What, then, did the deed from Byrne to Pollard and others convey? It is to be noticed that there is no reservation on the face of the deed itself of any part of or rights in the property described as conveyed. There passed, therefore, to the grantees all property included in the descriptive language of the conveyance. That language is hereinbefore given in full, and we need only here refer to the most material parts of it. It conveys "All and singular that portion of the Massachusetts Hill mine and mining claim conveyed by the government of the United States to said party of the first part by the patent dated April 12th, 1870"; and "all that portion of said Massachusetts mining claim which lies east of the west bank of Wolf Creek and west of the east line of said survey, being all that portion of said ground and mining claim embraced within said patent"; and it also contains this passage, "it being distinctly understood that this conveyance embraces only that portion of the said Massachusetts Hill mine, as surveyed, applied for and included in said patent, which was included in the `Ford and Reilly' survey outside of," etc., together with all mining right, property, possession, claim and demand whatsoever "of the said party of the first part, of in or to the said premises, and every part and parcel thereof."

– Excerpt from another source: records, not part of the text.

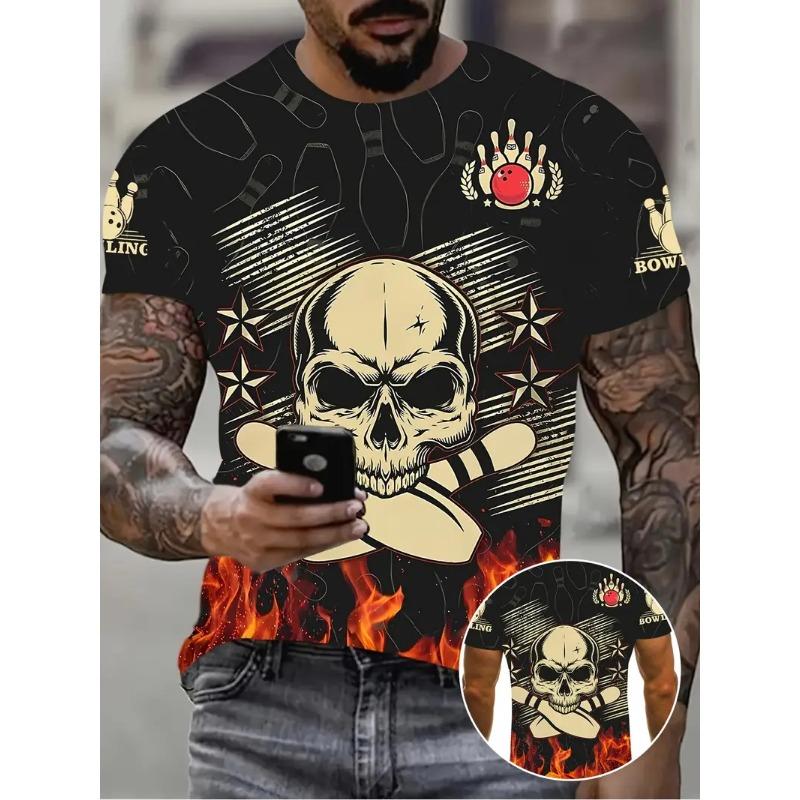 New 3D Printed T Shirt For Man Bowling Jersey Summer Causal Short Sleeve Tops Oversized Streetwear Men's Clothing Graphic Tees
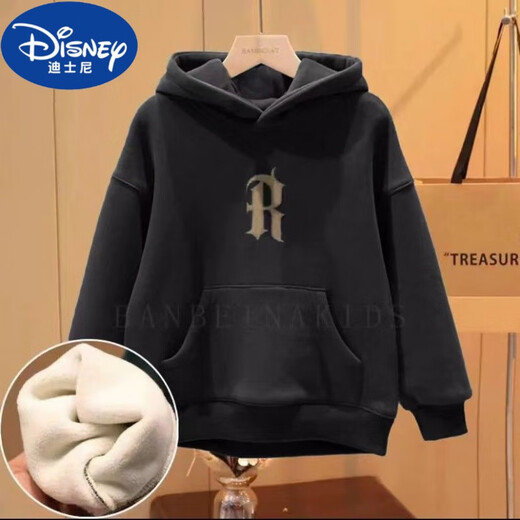 Disney (Disney) Boys Winter Wear Suit 2025 New Medium and Large Children's Autumn and Winter Western Style Children's Boys' Velvet Thickened Sweater Two-piece Set Dark Gray Velvet Two-piece Set 150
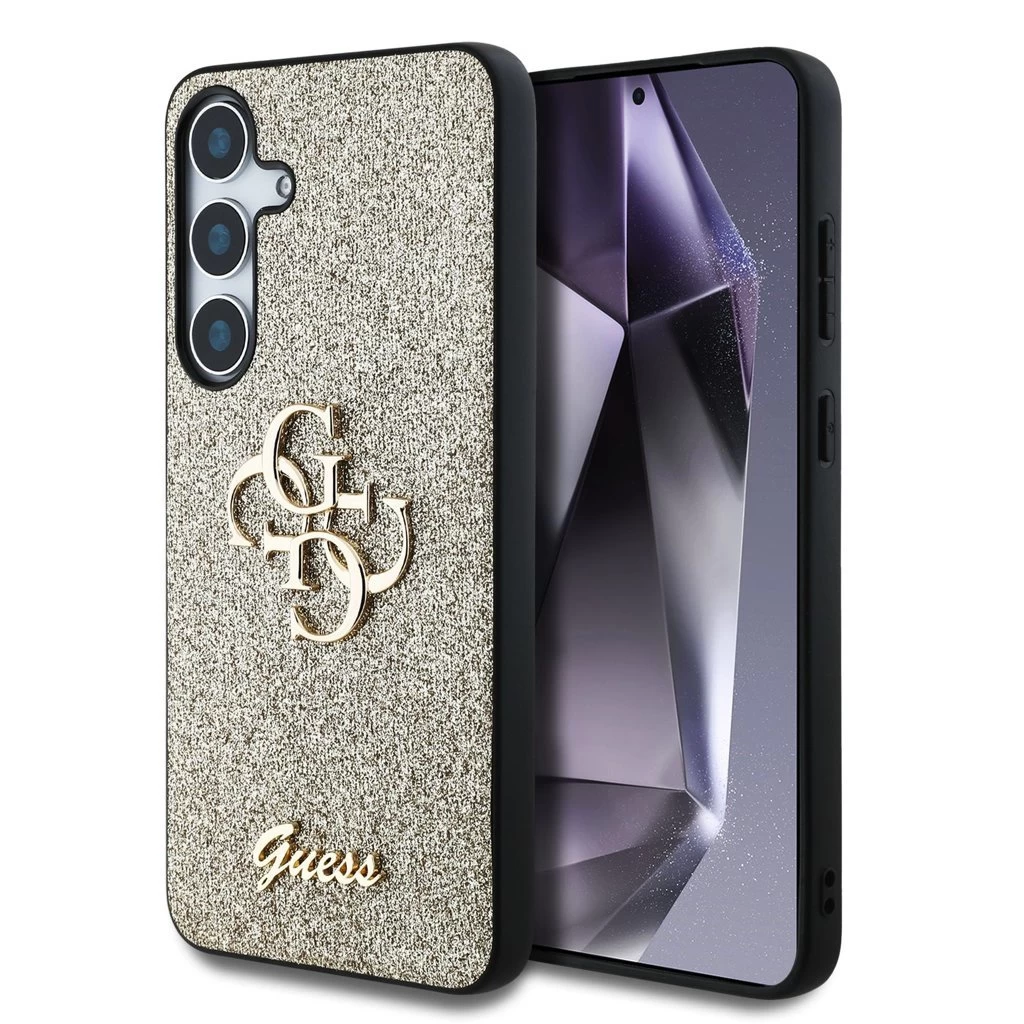 Guess PU Fixed Glitter 4G Metal Logo tok Samsung Galaxy S25+ készülékhez arany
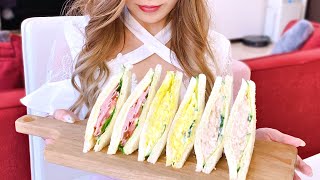 セブンイレブンっぽい【サンドイッチ】を頭の悪い服装で自作する女｜4K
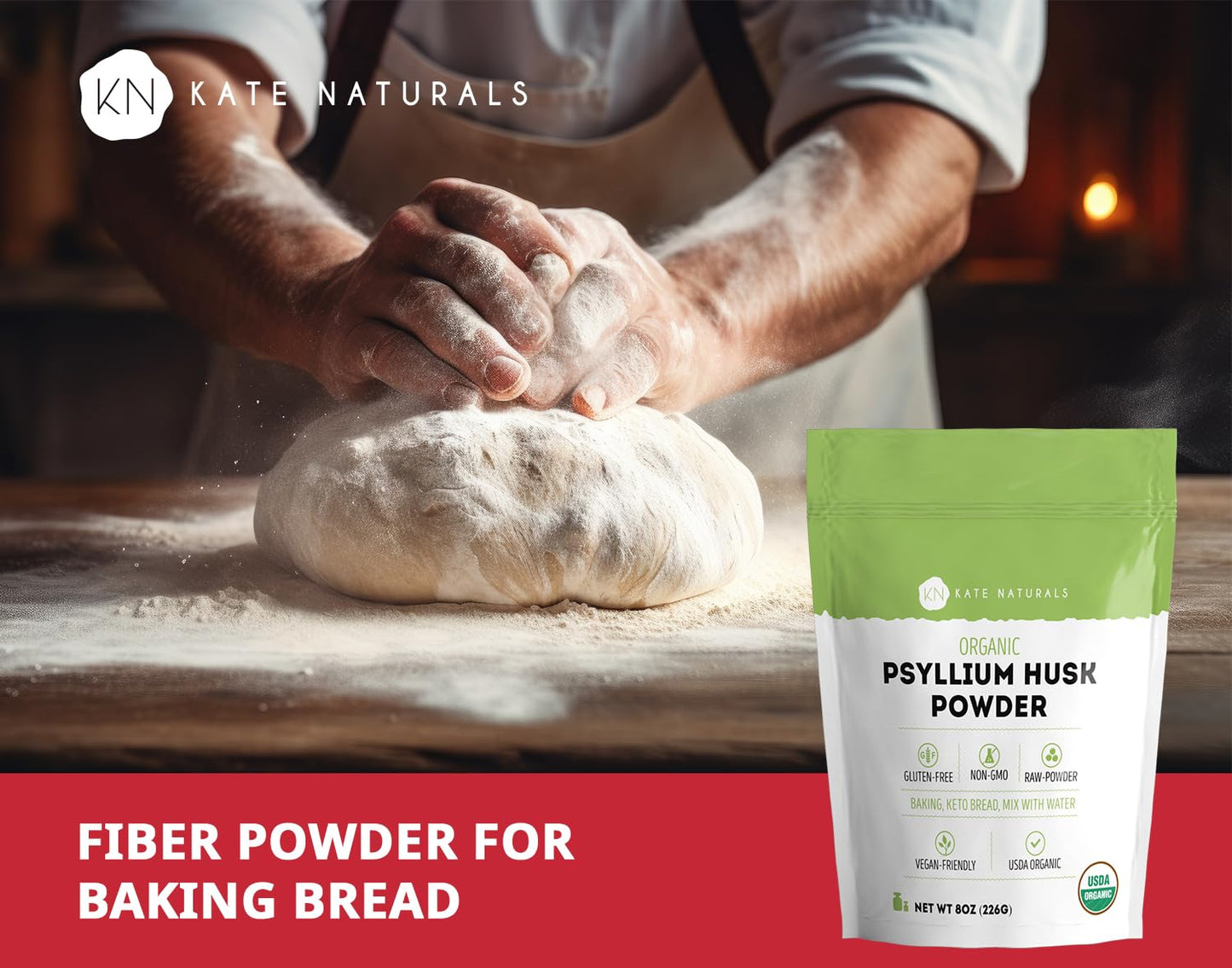 Kate Naturals Psyllium Husk Powder for Fiber and Baking Bread Powder 8 oz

Now, what was the "Massachusetts Hill mine and mining claim" conveyed by the government of the United States to the said party of the first part by the patent dated April 12, 1876? It included, as described in the patent, "the Massachusetts Hill quartz mine" with certain described surface ground, and 2,138.4 linear feet of the said Massachusetts "mine, vein, lode, ledge, or deposit." Therefore when Byrne conveyed to Pollard and others "all that part of the Massachusetts Hill mining claim which lies east of the west line of Wolf Creek west of the east line of said survey," etc., together with all "the mining right, property, claim and demand of the party of the first part, of in or to the said premises, and every part and parcel thereof, with the appurtenances," he clearly conveyed to the grantees all the property and right of every kind which he had in that part of the mine lying between the west bank of Wolf Creek and the east line of the surface ground. A part of that portion of mine lying east of the west bank of Wolf Creek was that part of the Massachusetts Hill quartz lode which was within that boundary, and it was conveyed as completely as a deed of the whole Massachusetts Hill lode mine would have conveyed all the said mine. There was no language of reservation; and the words employed included every kind of property and right which the grantor had in that part of the mine mentioned. We do not attach quite as much importance to the words "mining right" as is given it by appellants, for the previous language of the deed would have been clearly sufficient to include all the grantor's mining right in the land conveyed without the subsequent express use of those words. However, those words are in entire accord with the previous language, and although not necessary, may be considered as having some significance as "further assurances" of the thing granted, after a conveyance of all that part of the Massachusetts mine lying east of the line mentioned, together with all of the grantor's "mining right" therein, there was surely nothing left to the grantor of that part of said mine. Of course, the previous language in a deed might be such as to limit the subsequent use of the words "mining right"; but there was no language used in the deed here in question suggesting such limitation.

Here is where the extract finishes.